You have changed since then, but you still see that he has not, and it really is a pity that there are not more paintings en sabots in Paris. I don’t think that my peasant would do harm to the Lautrec that you have and I even dare say that the Lautrec would become even more distinguished by the mutual contrast, and that my own would gain by the odd comparison, because the sunlit and sunburned quality of the huge sun and the open air would show to advantage beside the rice powder and the chic dressing table 1.
What a mistake Parisians make in not having a palate for crude things, for Monticellis, for common earthenware.
But there, one most not lose heart because Utopia is not coming true. It is only that what I learned in Paris is leaving me, and I am returning to the ideas I had in the country before I knew the impressionists. And I should not be surprised if the impressionists soon find fault with my way of working, for it has been fertilized by Delacroix’s ideas rather than by theirs. Because instead of trying to reproduce exactly what I have before my eyes, I use colour more arbitrarily, in order to express myself forcibly. Well, let that be, as far as theory goes, but I’m going to give you an example of what I mean.

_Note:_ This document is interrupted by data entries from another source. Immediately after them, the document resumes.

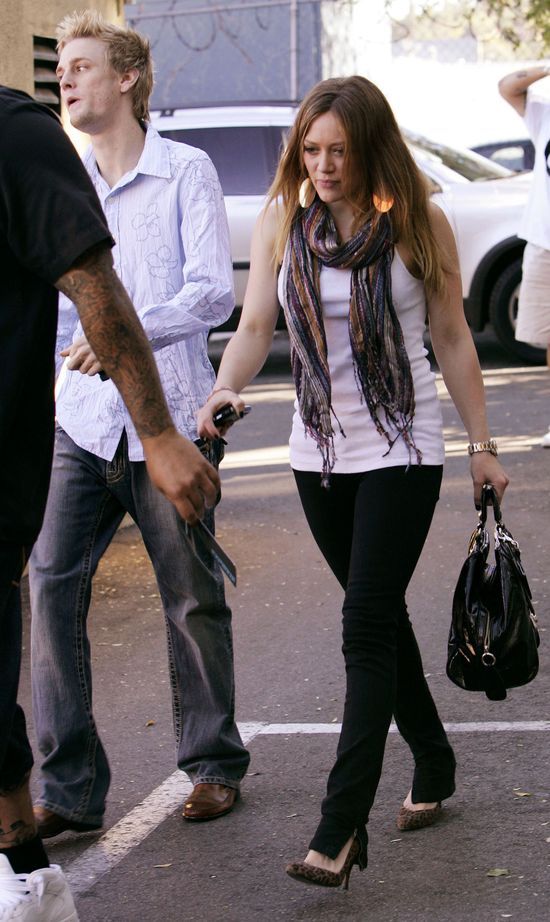 To przez niego Hilary Duff rozstaje się z mężem?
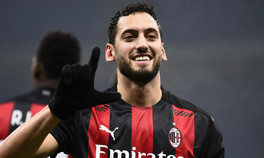 Milanda Hakan Çalhanoğlu hareketliliği Yeni görüşme...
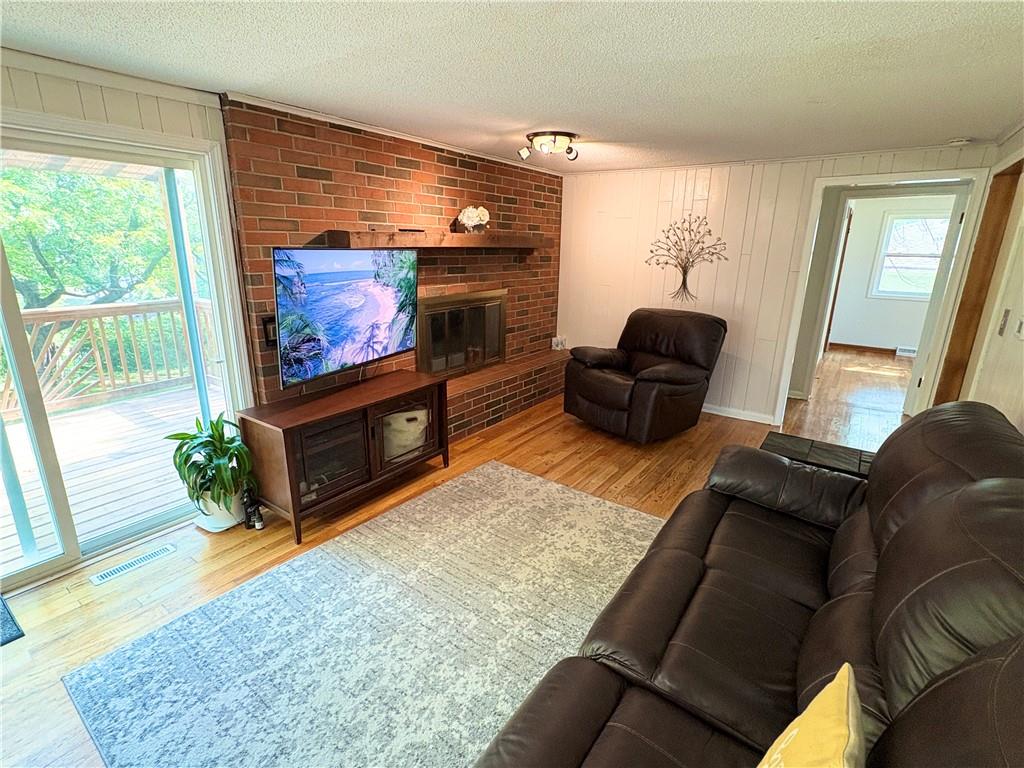 Homes for Sale in Kansas City, MO 64152 | 6607  QUAIL RUN Drive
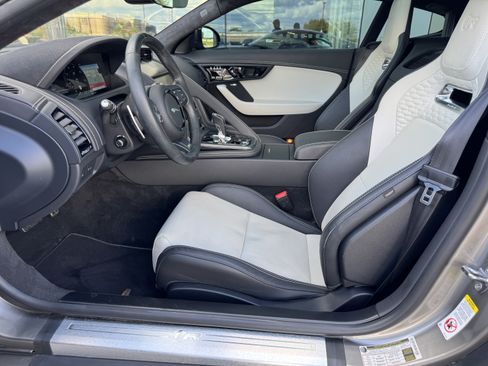 Certified 2022 Jaguar F-TYPE R AWD/4WD image 13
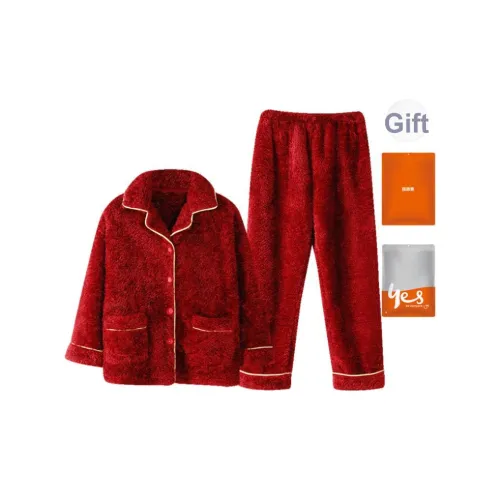 Удобный и освежающий комплект пижам мужского пола красный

I should like to paint the portrait of an artist friend, a man who dreams great dreams, who works as the nightingale sings, because it is his nature. He’ll be a blond man. I want to put my appreciation, the love I have for him into the picture. So I paint him as he is, as faithfully as I can, to begin with.
But the picture is not yet finished. To finish it I am now going to be the arbitrary colourist. I exaggerate the fairness of the hair, I even get to orange tones, chromes and pale citron-yellow [F 462, JH 1574].
Behind the head, instead of painting the ordinary wall of the mean room, I paint infinity, a plain background of the richest, intensest blue that I can contrive, and by this simple combination of the bright head against the rich blue background, I get a mysterious effect, like a star in the depths of an azure sky.
Similarly in the portrait of the peasant I have worked this way, but in this case without wishing to evoke the mysterious brilliance of a pale star in the infinite blue. But imagine the terrible man that I have to do in the full furnace of the harvest at high noon. Hence the flashing orange colours like a red-hot fire, hence the tones of old gold luminous in the gloom.
Ah, my dear boy - - and the good folk will not see in this exaggeration anything but a caricature.
But what has that to do with us? We’ve read La Terre and Germinal, and if we are painting a peasant, we want to show that in the end what we have read has come very near to being part of us.
I do not know if I can paint the postman as I feel him; this man is like old Tanguy in so far as he is a revolutionary,
he is probably thought a good republican because he wholeheartedly detests the republic which we now enjoy, and because on the whole he is beginning to doubt, to be a little disillusioned, as to the republican principle itself.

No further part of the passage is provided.